§ **ACTIVITY**:
Would you return the listing exactly as written, apart from its pictures?

§ **DATA SHOWN**:
☆ ☆ ☆ ☆ ☆ ☆ ☆

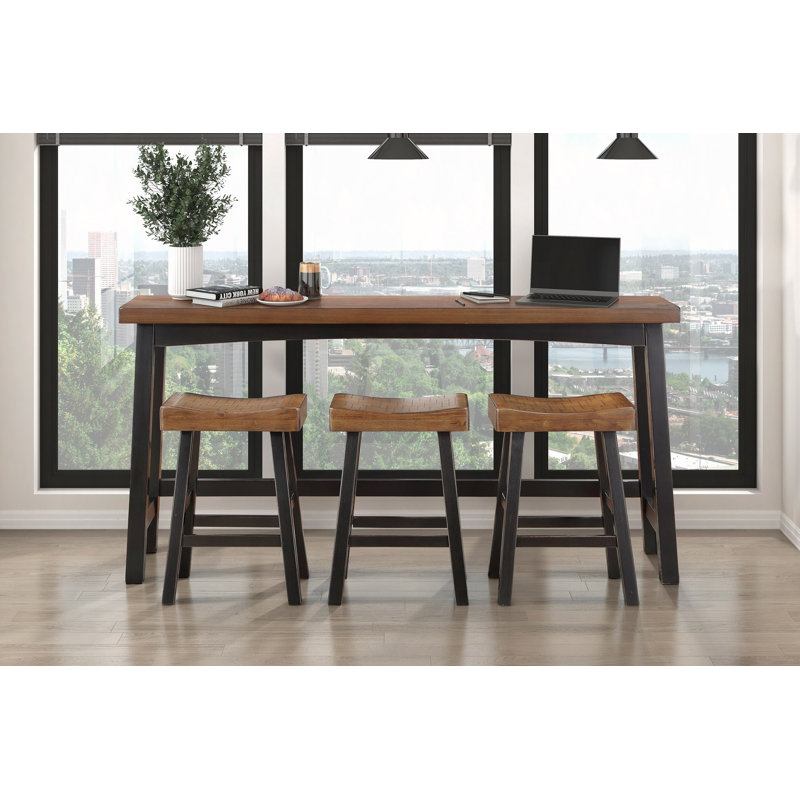 Ensemble 4 pièces à hauteur de comptoir, tabourets de table et de comptoir et meubles en bois d'hévéa massif, Brun / Noir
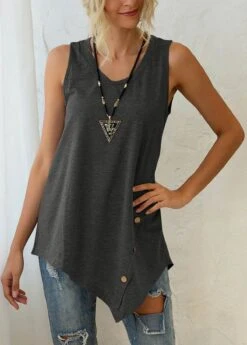Dark Grey Asymmetric Hem Decorative Button Tank Top -OLALA Clothing Shop 292723 P 1638327319700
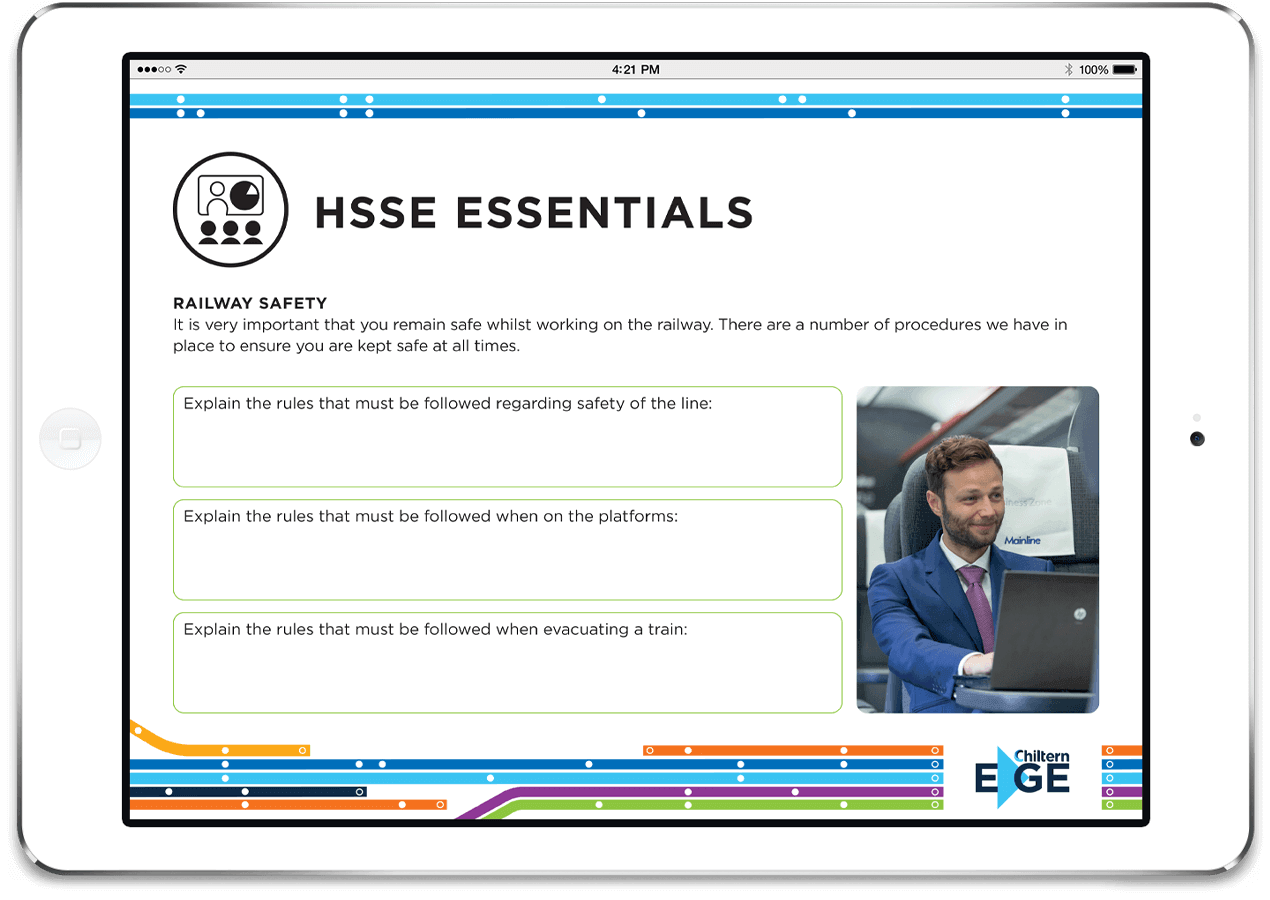 A page froma digital workbook shown on a tablet computer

☆ ☆ ☆ ☆ ☆ ☆ ☆

§ **WRITTEN ANSWER**:
 Ensemble 4 pièces à hauteur de comptoir, tabourets de table et de comptoir et meubles en bois d'hévéa massif, Brun / Noir
Dark Grey Asymmetric Hem Decorative Button Tank Top -OLALA Clothing Shop 292723 P 1638327319700
 A page froma digital workbook shown on a tablet computer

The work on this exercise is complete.